Assignment » Would you transcribe exactly the lines below, starting at the one that contains "Lux Shower Gel" and ending with the last line, both included? Leave out all other lines.

Records from a data collection »
■ ■ ■ ■

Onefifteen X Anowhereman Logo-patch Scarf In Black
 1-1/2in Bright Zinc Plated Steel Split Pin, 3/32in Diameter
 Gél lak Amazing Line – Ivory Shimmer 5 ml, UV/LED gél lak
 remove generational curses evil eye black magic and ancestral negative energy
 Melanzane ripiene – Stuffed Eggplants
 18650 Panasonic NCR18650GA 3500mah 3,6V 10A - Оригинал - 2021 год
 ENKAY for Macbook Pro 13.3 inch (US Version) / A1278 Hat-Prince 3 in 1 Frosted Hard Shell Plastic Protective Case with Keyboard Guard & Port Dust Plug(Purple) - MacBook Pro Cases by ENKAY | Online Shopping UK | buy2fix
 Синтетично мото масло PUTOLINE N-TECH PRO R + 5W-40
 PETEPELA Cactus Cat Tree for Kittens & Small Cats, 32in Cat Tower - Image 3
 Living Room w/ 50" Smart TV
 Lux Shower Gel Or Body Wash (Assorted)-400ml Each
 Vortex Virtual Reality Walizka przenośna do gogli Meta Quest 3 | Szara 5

■ ■ ■ ■

Result for this exercise »
 Lux Shower Gel Or Body Wash (Assorted)-400ml Each
 Vortex Virtual Reality Walizka przenośna do gogli Meta Quest 3 | Szara 5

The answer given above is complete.